[Records from a collection]
-=-=-

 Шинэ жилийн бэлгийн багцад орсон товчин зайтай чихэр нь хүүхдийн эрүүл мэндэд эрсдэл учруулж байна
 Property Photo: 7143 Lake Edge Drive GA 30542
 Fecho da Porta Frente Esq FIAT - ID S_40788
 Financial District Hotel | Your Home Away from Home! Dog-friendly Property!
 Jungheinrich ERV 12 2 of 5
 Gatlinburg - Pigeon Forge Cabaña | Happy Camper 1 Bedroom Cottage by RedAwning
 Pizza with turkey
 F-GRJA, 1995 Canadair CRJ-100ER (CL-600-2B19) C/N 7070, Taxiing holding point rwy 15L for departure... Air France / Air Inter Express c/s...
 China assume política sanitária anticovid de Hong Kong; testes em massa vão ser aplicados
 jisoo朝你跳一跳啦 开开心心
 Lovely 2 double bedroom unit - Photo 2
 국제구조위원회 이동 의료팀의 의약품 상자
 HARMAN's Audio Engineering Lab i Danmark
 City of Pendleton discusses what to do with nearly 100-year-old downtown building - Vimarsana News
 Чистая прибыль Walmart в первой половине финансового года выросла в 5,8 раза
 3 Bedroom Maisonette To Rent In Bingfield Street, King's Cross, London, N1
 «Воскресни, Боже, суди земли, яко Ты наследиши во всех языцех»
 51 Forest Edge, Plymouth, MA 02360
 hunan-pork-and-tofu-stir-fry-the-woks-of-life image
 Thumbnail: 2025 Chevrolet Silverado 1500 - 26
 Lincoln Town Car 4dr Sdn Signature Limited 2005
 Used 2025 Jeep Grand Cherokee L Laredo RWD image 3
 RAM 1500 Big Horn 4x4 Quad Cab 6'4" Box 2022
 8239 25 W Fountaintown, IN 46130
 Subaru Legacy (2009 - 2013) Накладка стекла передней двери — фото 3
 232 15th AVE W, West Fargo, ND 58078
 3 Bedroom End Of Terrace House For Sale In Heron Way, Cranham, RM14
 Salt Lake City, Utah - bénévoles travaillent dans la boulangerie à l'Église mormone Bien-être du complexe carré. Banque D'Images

-=-=-

◆ Directions for this task: Using the data above, return each line that includes the word "Edge".

◆ Written answer:
 Property Photo: 7143 Lake Edge Drive GA 30542
 51 Forest Edge, Plymouth, MA 02360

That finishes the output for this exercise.